In our analysis, we focused on the four distinct periods commencing in 1901, 1931, 1951 and 1981. Following the model fitting process (Supplementary Information section 3.2), we examined the trends of the residuals, representing the disparities between the modelled and observed precipitation values. This step aimed to determine whether the observed precipitation trends could be explained by atmospheric dynamics (in which case the residuals would lack a statistically significant trend) or if they were influenced by other factors (indicated by statistically significant trends in the model residuals). We employed the t-statistic to assess the role of each circulation index in explaining precipitation variability.
Climate model simulations
We conducted a comparative analysis of the long-term precipitation trends observed across the Mediterranean region and those derived from climate model simulations over corresponding time frames. The primary objective of this assessment was to evaluate the consistency of model simulations in relation to observational data, rather than attributing trends to anthropogenic factors.
Our comparison encompassed five distinct analysis periods and involved historical simulations from both the CMIP579 and CMIP680 experiments. Despite the improvements in model physics, parametrization and spatial resolution in CMIP6, signifying potentially more reliable results in this iteration, we decided to include both the CMIP5 and CMIP6 experiments to ensure a more comprehensive evaluation.

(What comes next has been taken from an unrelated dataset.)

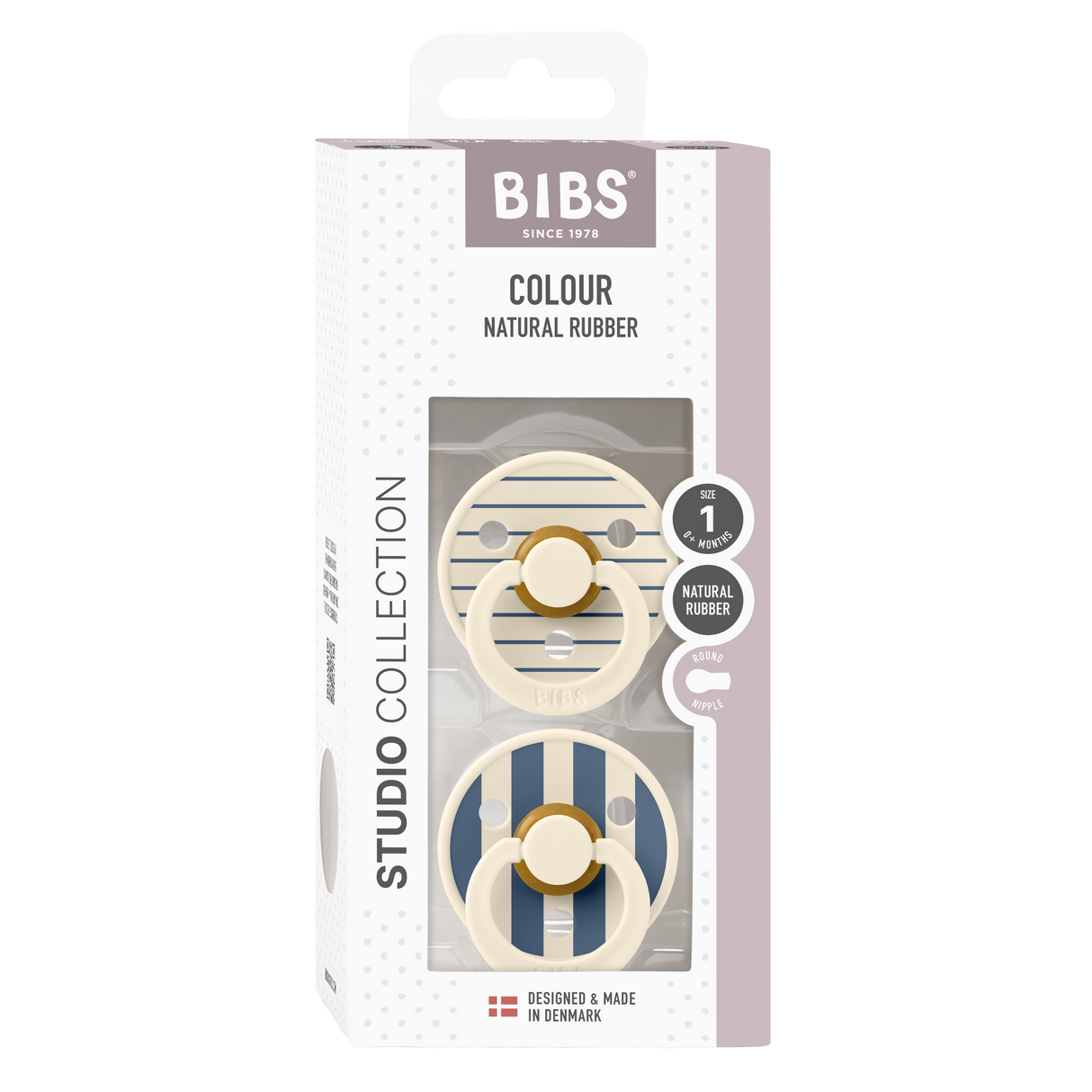 BIBS Studio Collection knupīša komplekts 1. izmērs (0 - 6 mēneši) Pin Steel Blue Mix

For CMIP5, we utilized precipitation data from 47 models representing the historical experiment spanning from 1860 to 2005, as well as the Representative Concentration Pathway 8.5 experiment covering the period from 2006 to 2020. In the case of CMIP6, we employed data from 25 models for the historical experiment, ranging from 1850 to 2014, and the Shared Socioeconomic Pathway 5-8.5 experiment spanning from 2015 to 2020 (Supplementary Table 6).
The choice of Representative Concentration Pathway 8.5 (CMIP5) and Shared Socioeconomic Pathway 5-8.5 (CMIP6) scenarios was based on their alignment with observed CO2 concentrations for the considered years. Rather than relying solely on the ensemble mean of each CMIP experiment, we incorporated the complete range of individual model simulations. This approach enabled us to account for the uncertainties inherent in a multi-model ensemble.
Supplementary Fig. 35 provides a comprehensive overview of the methodological approach employed in this study. It encompasses various aspects, including data processing and temporal analysis.